Il comprend en outre pour partie l'incontournable prise en compte des mesures Sapin relatives au point d'indice et à la revalorisation des bas salaires, qui représentent un total de 1,3 milliard de francs, soit la moitié de la totalité des moyens nouveaux du titre III.

Certes élargi cette année à l'ensemble des forces armées, et non plus seulement, comme en 2001, à la Gendarmerie, au Service de Santé et à la Délégation générale pour l'Armement, il ne concerne toutefois que les sous-officiers, et laisse de côté totalement les officiers.

5. De fait, la progression des moyens consacrés à l'activité des forces demeure limitée et ne permet pas d'atteindre les normes de la programmation

L'alourdissement sensible du poste rémunérations et charges sociales a fortement pesé sur les crédits d'entretien programmé et de fonctionnement courant, soumis à la portion congrue au sein du titre III pendant toute la durée de la programmation, alors même que celui-ci prélevait par ailleurs une dîme croissante sur les crédits d'équipement militaire.

La baisse la plus sensible concerne les moyens liés à l'activité des forces, amputées de plus de un milliard de francs sur la période de programmation, soit 10 % du montant initial de 1997.

De fait, les taux d'activité des armées françaises sont aujourd'hui inférieurs aux normes arrêtées par la loi de programmation.

Le budget 2002 prévoit bien une majoration des crédits de fonctionnement hors rémunérations et charges sociales. Mais les deux tiers de cet effort sont en réalité financés par des mesures d'économies et de transfert, et ne correspond donc pas véritablement à des moyens nouveaux.

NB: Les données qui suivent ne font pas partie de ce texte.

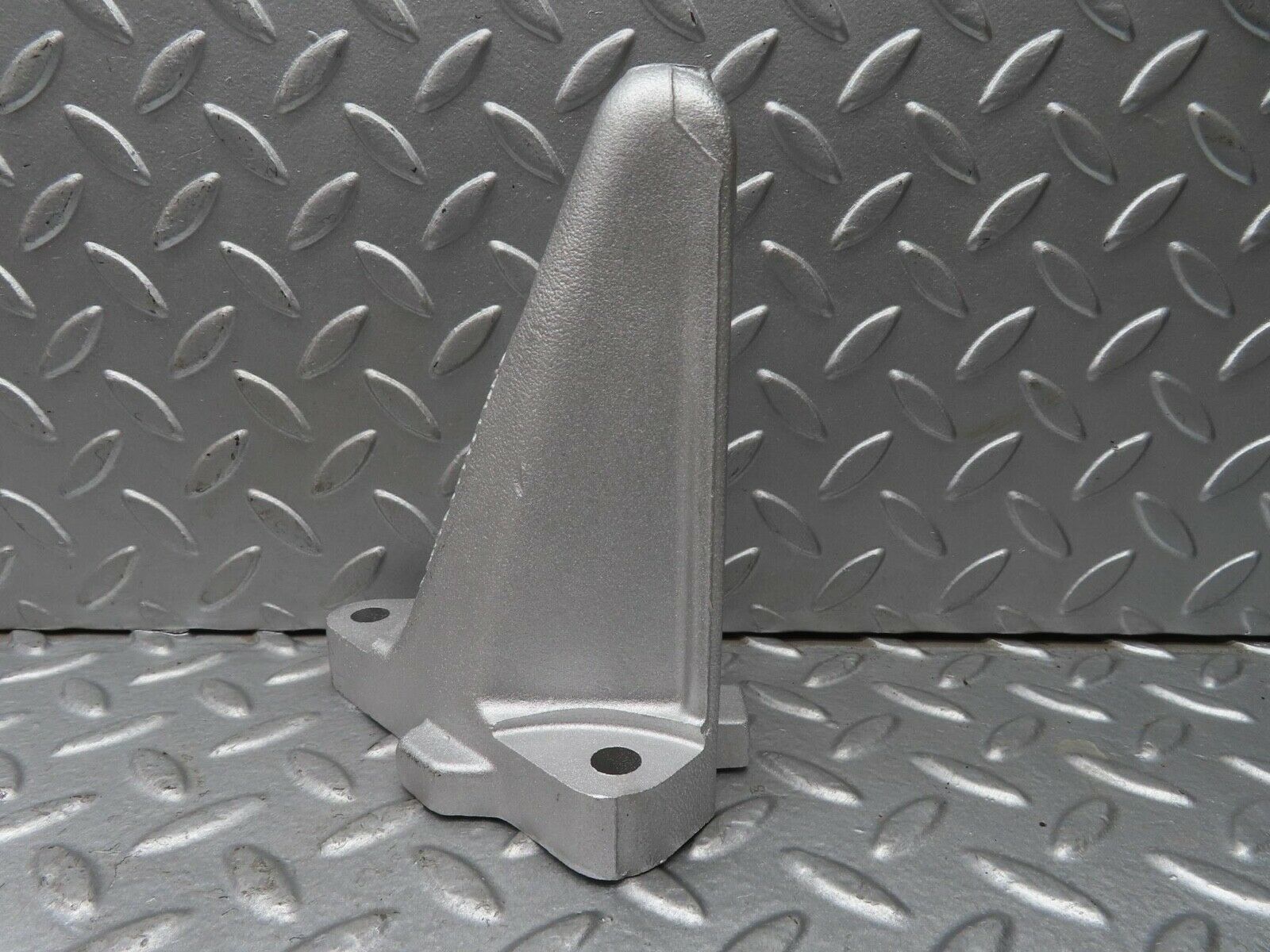 13614 Mercedes-Benz W123 200 Engine Mount Bracket Right Side 1022230304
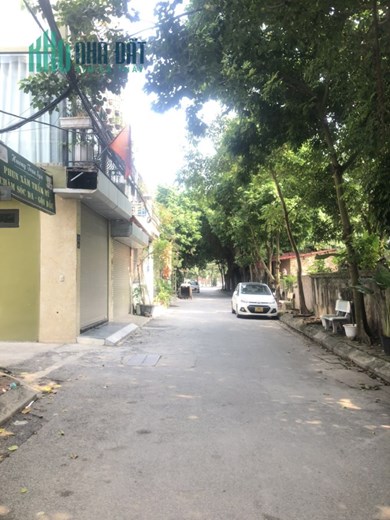 Bán nhà Thạch Bàn, Ô Tô, Vỉa Hè, 160m2, 3T, MT 9m, nhĩnh 22 tỷ.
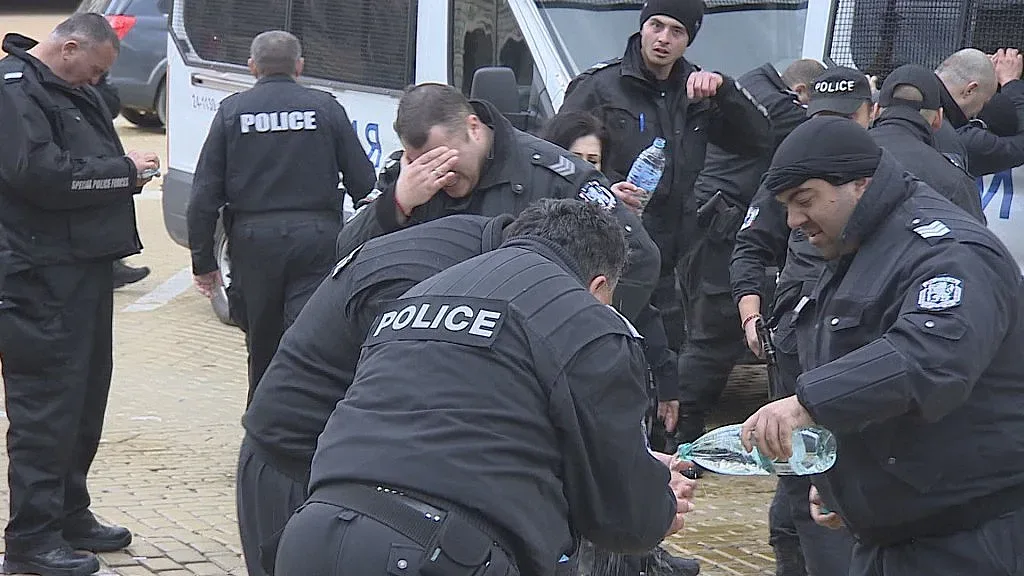 СДВР: По-добре полицаите да плачат от спрея, а не хората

Et le tiers du montant ainsi globalement disponible bénéficiera à la Gendarmerie.

Au total, les taux d'activité de nos forces armées seront légèrement améliorés, certes, mais pas dans une proportion de nature à leur permettre d'atteindre l'objectif OTAN, et moins encore celui des forces britanniques.

6. La Gendarmerie prélève une part croissante des moyens de fonctionnement affectés à la Défense, sans pour autant qu'un terme soit mis à la dégradation de sa situation

Au total, sur l'ensemble de la période de programmation, les coûts de fonctionnement de la Gendarmerie (y compris RCS), qui auront connu la croissance la plus forte, auront représenté un cinquième du total de l'enveloppe globale du titre III, soit l'équivalent des dépenses de l'armée de l'Air et de la Marine réunies.

En 2002, la Gendarmerie est la seule à bénéficier de la création de postes de sous-officiers -au-delà de la cible de programmation, qui aura été majorée en définitive de 700 postes. C'est elle qui bénéficiera au premier chef des primes de qualification pour les sous-officiers confirmés (4.200 sur le total de 6.000). Le tiers enfin des moyens nouveaux dégagés pour le fonctionnement, soit 460 millions de francs, sera attribué à la Gendarmerie (la moitié étant affectée au financement du surcoût des loyers lié à l'installation en zones sensibles).

Pour autant, la situation de la Gendarmerie semble avoir atteint un seuil critique.

La détérioration de la situation sécuritaire, et l'élévation du niveau d'exigence en matière de sécurité publique, vont au-delà d'une simple évolution conjoncturelle. Il faudra inévitablement en tenir compte, comme il faudra également trouver une réponse aux demandes relatives à l'application des 35 heures. La Gendarmerie, à cet égard au moins, se sent nécessairement plus proche de la Police que de l'Armée.